Having reduced the entire planet to a tourism commodity, guidebook writers (I confess I'm one of them) seem to want to move to another level altogether. It is as though we have already decided that the real world is not interesting enough any more. That we are bored of it. Bored of the same old continents, the same old countries, the same old stereotypes - clogging up our maps and guidebooks year after year.
Is that it? Is that why we now need maps larger and with more details than the places they purport to map, and why we need to fill our guidebooks with mumbo-jumbo about bodies in wells and pirates in pits? Because India and China - and dare I say it, the United States of America - are not mysterious enough in themselves?
If so I suggest that the solution might be to throw away all guide-books ever written to date. Then wait a few years. Eventually we might start getting up our passions (of the burning, feverish variety) for this world all over again.

Sunday, November 14, 1999

The lords and ladies of the realm need not fear - they still have vital role to play


The lords and ladies of the realm need not fear - they still have vital role to play




Now that the hereditaries have lost their day-jobs, I understand that a lot of them are planning to go into tourism, where they will once again have the chance to shine for Britain. This time as an asset for the British Tourist Board.

For this purpose all lords, even the young ones, will be required to dress up to look their age by donning tweeds, monocles and fob watches and carrying canes. They will sport wild thatches of hair on the sides of their heads, and sit motionless in rocking-chairs while American tourists are brought in quietly behind their backs, being instructed by their guides not to talk too loudly or throw food.
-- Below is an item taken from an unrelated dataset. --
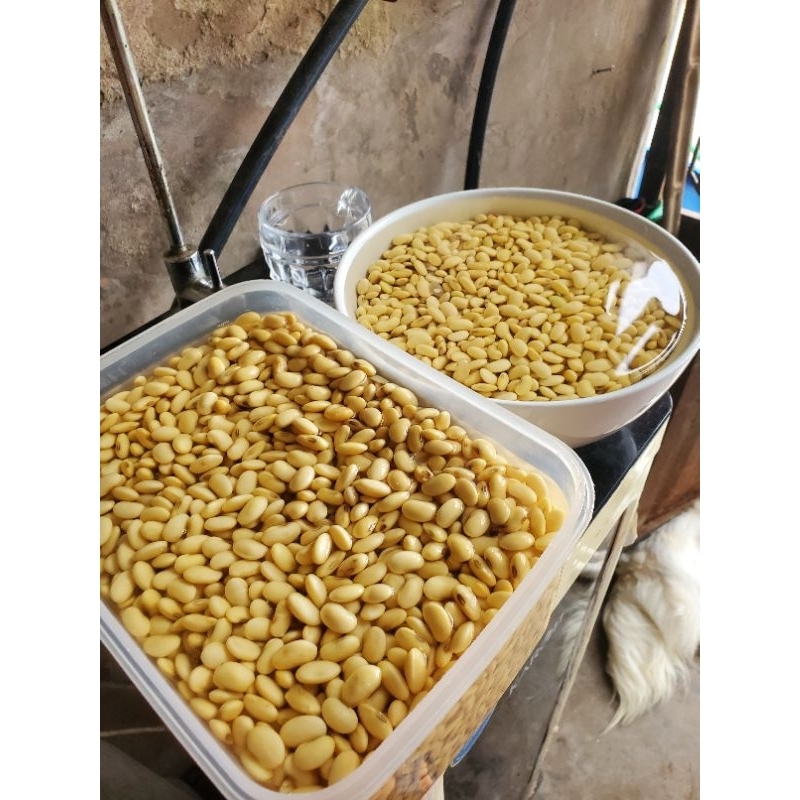Bột mầm đậu nành thuần chủng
Some of the clever lords will renovate their suburban homes to resemble atmospheric castles, with deliberately engineered draughts whistling in under the doors and around the stairwells at all times of day and night. The more energetic ones will wrap themselves in ermine and commandeer small punts to take Japanese visitors on fishing expeditions from the banks of their rivers.

Britain will become known as the land of the smiling lord. Every foreign visitor will pick up leaflets in Heathrow Airport decorated by photos of mysterious and alluring lords who will do for Britain what geishas do for Japan and koala bears do for Australia. Tourists will study the behaviour of this indigenous tribe of people, unique to our shores, any encounter with which will offer visitors ... "a rare and precious insight into a uniquely British way of life".

Prices will be high, of course. A tour of a stately home is already expensive. For those willing to pay for the pleasure, even closer encounters will be possible. American businesses will take their best-performing sales staff on incentive trips to serve tea to lords, to sit in baronial halls with lords, to watch lords hunt stag, to have their accents derided by lords. In short to be lorded over, in the good old-fashioned way.

Such a potentially profitable business will raise its share of problems. Unscrupulous 
lords will employ their cooks and gardeners to stand in for them while they themselves fly off to take part in unlordly activities such as yachting on the Costa del Sol or shopping in New York.

The British Tourist Board will issue warnings for tourists to be on their guard against the possibility that the gentleman with the coat of arms and the pedigree may in fact turn out to be a fraud or an impersonator. Any person claiming the right to sit in the British parliament - it will warn - cannot possibly be regarded as an authentic British lord.